◆ **Your objective**:
Please return the data that follows precisely as written, but without the images.

(Image-caption web data)
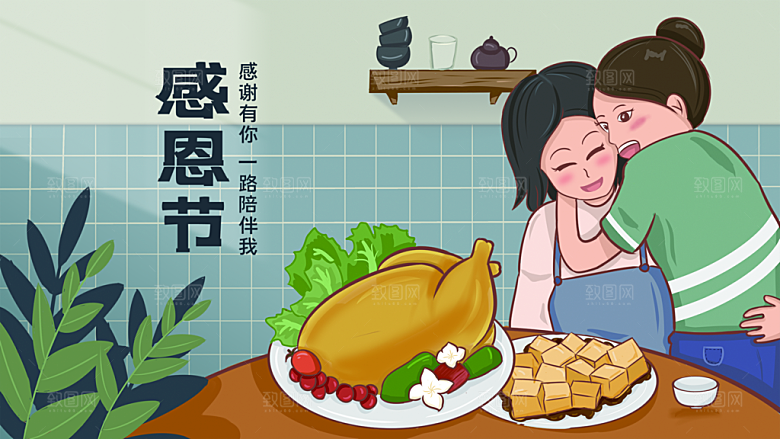 感恩节节日简约大气海报
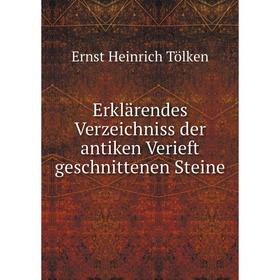 

Книга Erklärendes Verzeichniss der antiken Verieft geschnittenen Steine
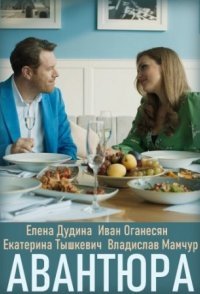 Авантюра смотреть сериал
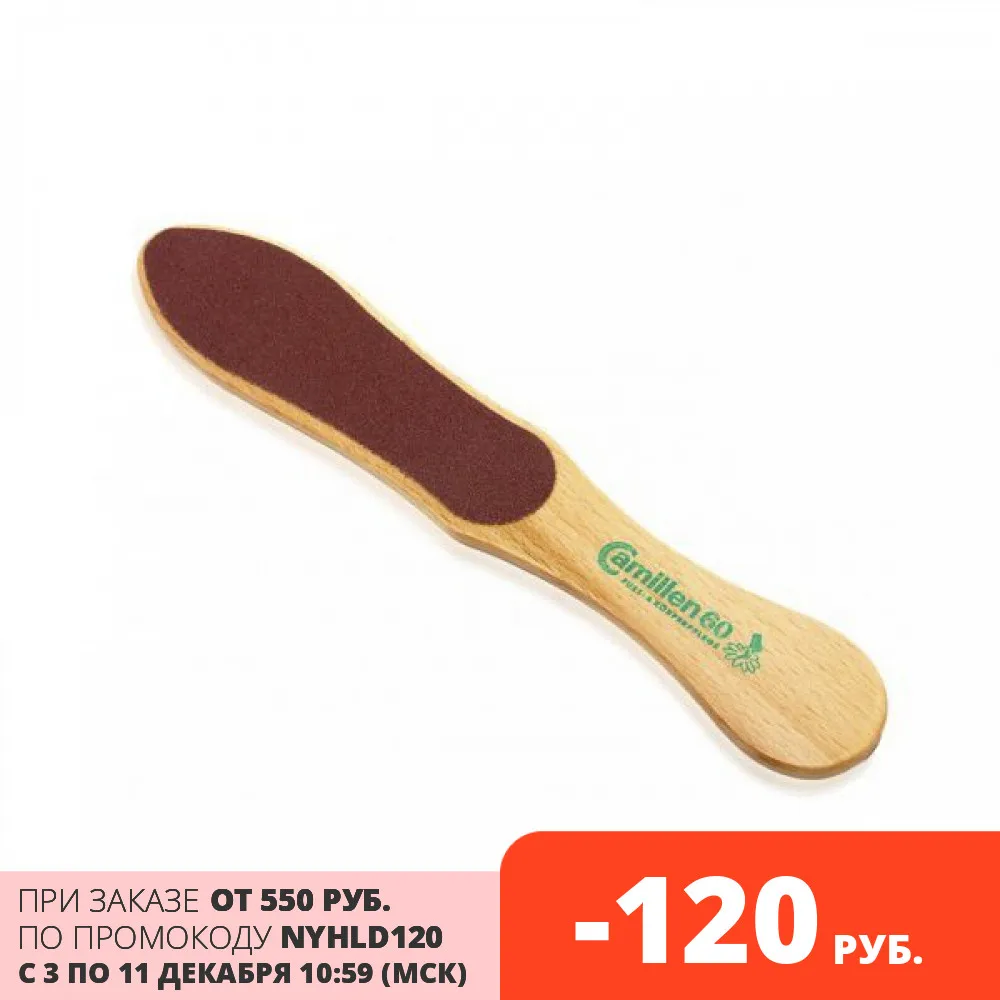 Тёрка для педикюра ног Camillen 60 Classic | Красота и - Цена: 290,00 руб.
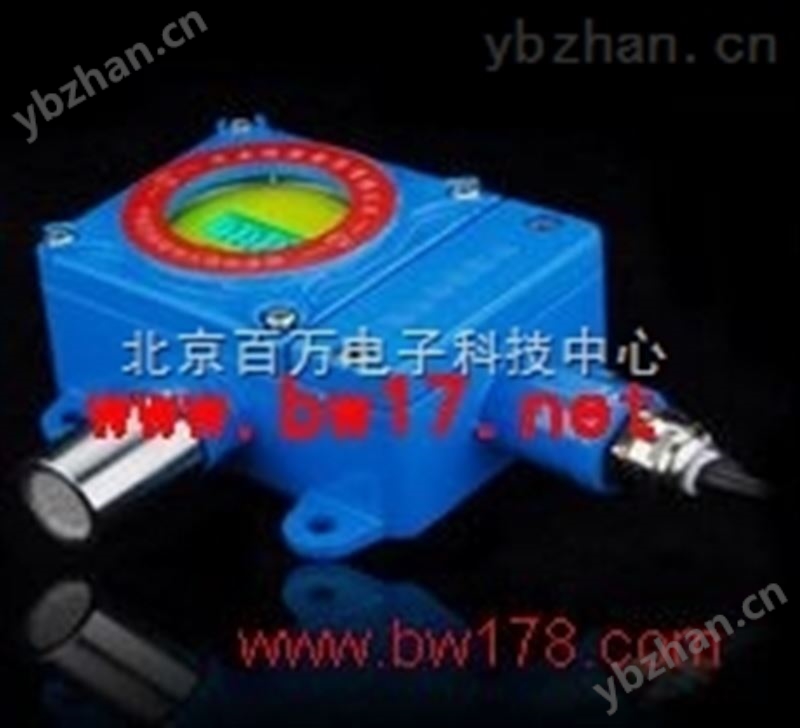 氣體探測器 數(shù)字信號輸出氣體探測器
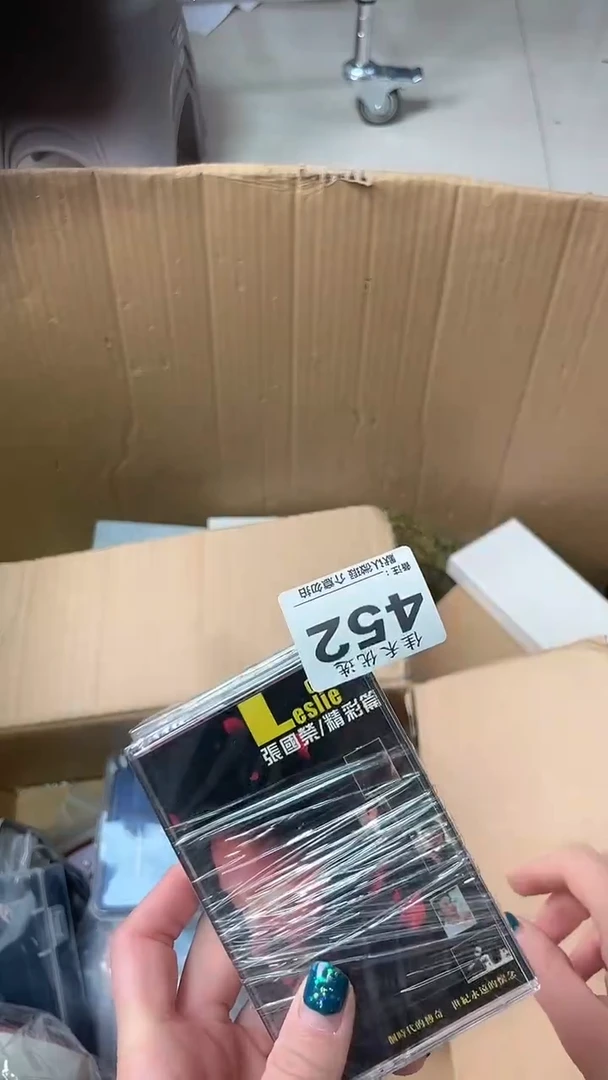 鞋**了瓷器瓷器瓷器瓷器瓷器
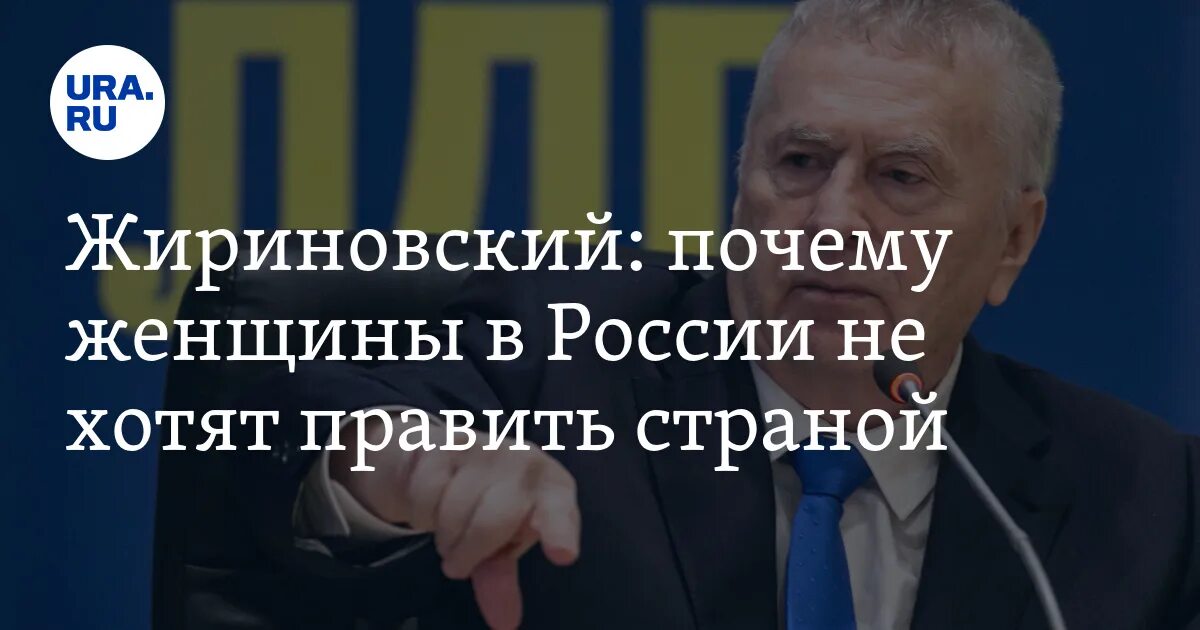 Почему был жириновский. Женщины Жириновского. Почему Жириновского не лишили должности депутата.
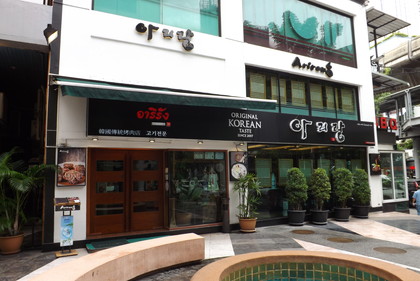 アリランの外観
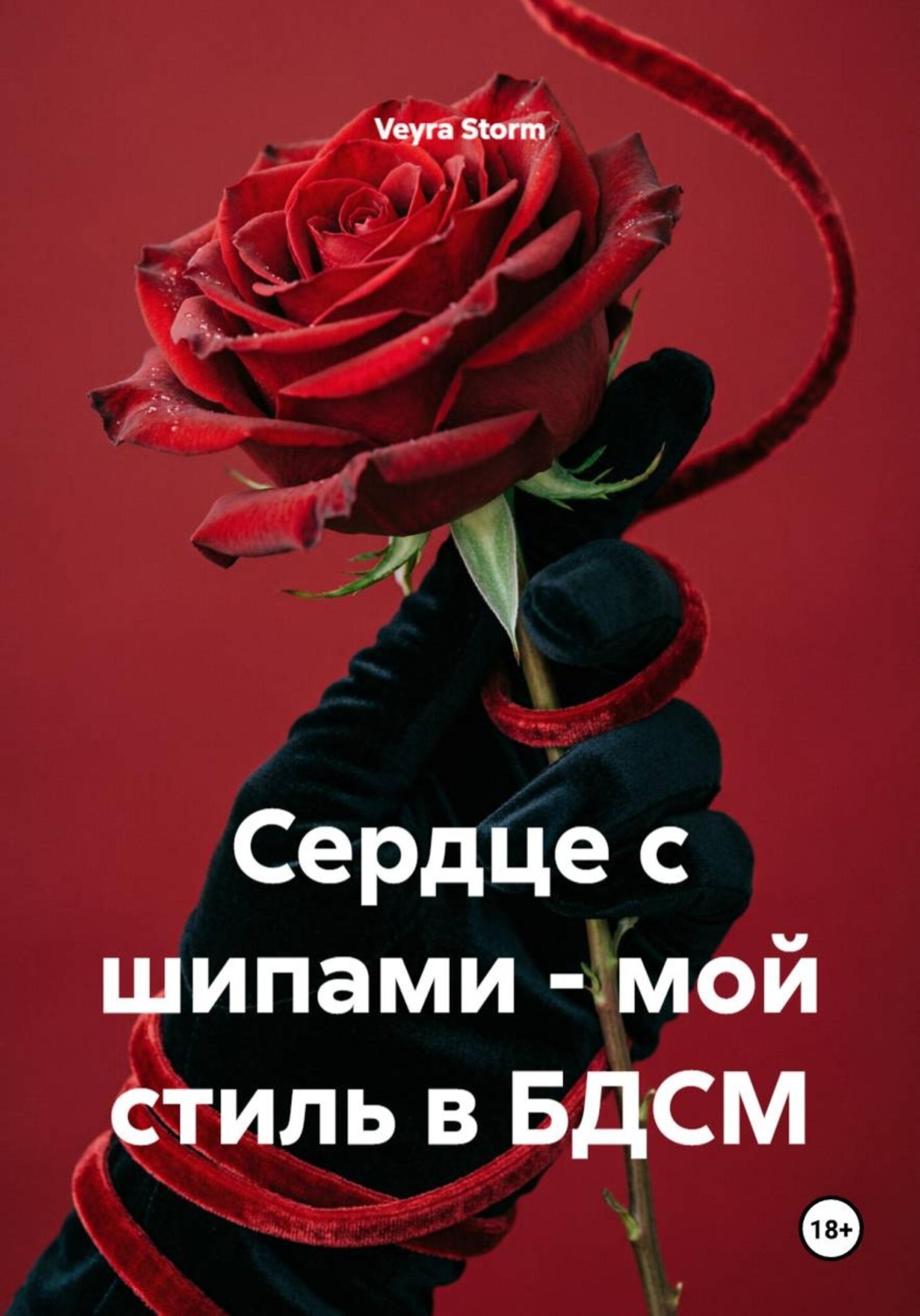 Обложка книги «Сердце с шипами - мой стиль в БДСМ»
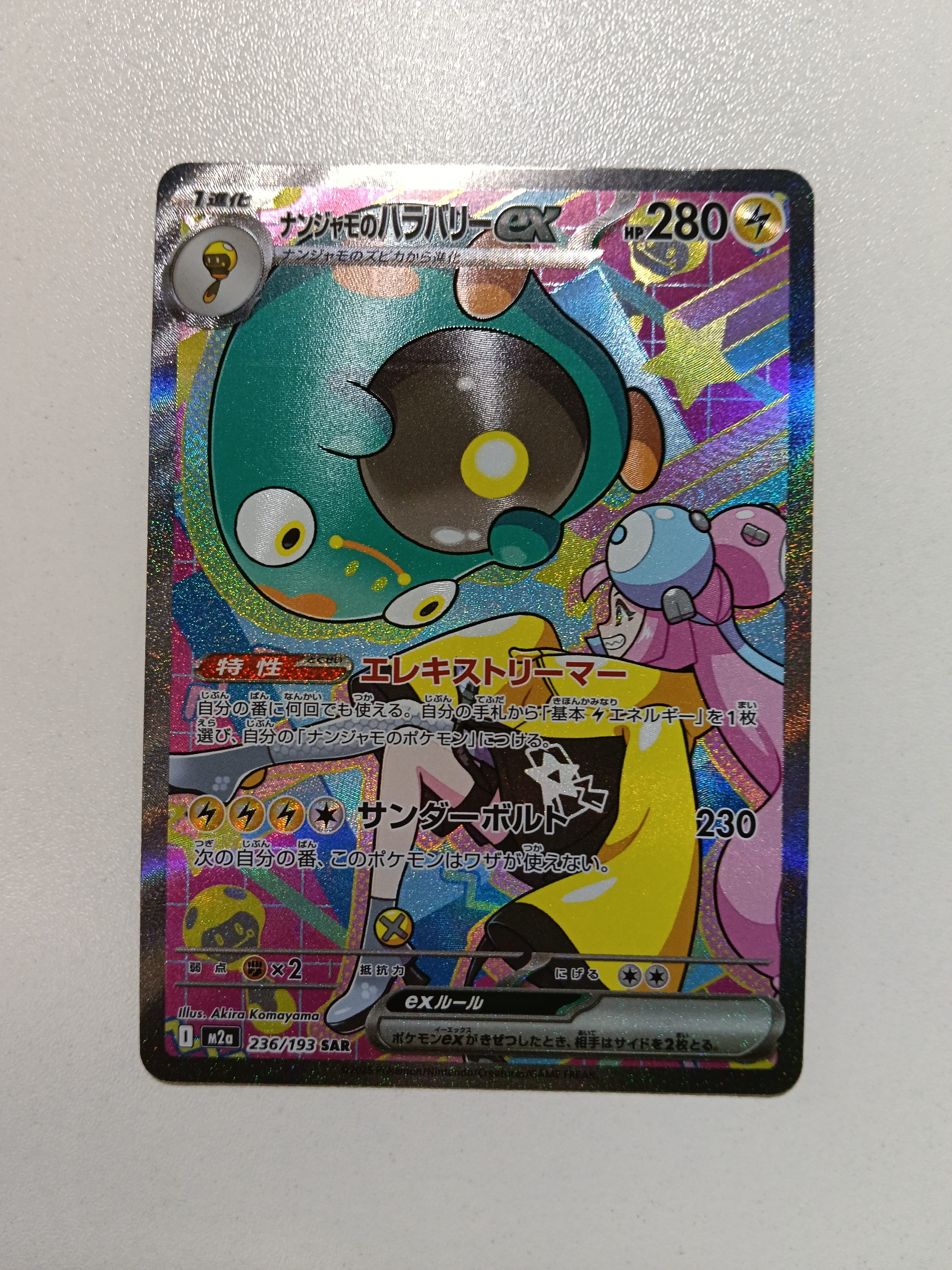 ナンジャモのハラバリーex SAR [M2a 236/193](ハイクラスパック「MEGA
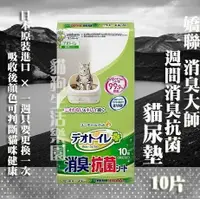 在飛比找樂天市場購物網優惠-日本Unicharm 嬌聯 消臭大師一週間消臭抗菌貓尿墊-1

◆ **Solution to the problem**:
 感恩节节日简约大气海报

Книга Erklärendes Verzeichniss der antiken Verieft geschnittenen Steine
 Авантюра смотреть сериал
 Тёрка для педикюра ног Camillen 60 Classic | Красота и - Цена: 290,00 руб.
 氣體探測器 數(shù)字信號輸出氣體探測器
 鞋**了瓷器瓷器瓷器瓷器瓷器
 Почему был жириновский. Женщины Жириновского. Почему Жириновского не лишили должности депутата.
 アリランの外観
 Обложка книги «Сердце с шипами - мой стиль в БДСМ»
 ナンジャモのハラバリーex SAR [M2a 236/193](ハイクラスパック「MEGA
 在飛比找樂天市場購物網優惠-日本Unicharm 嬌聯 消臭大師一週間消臭抗菌貓尿墊-1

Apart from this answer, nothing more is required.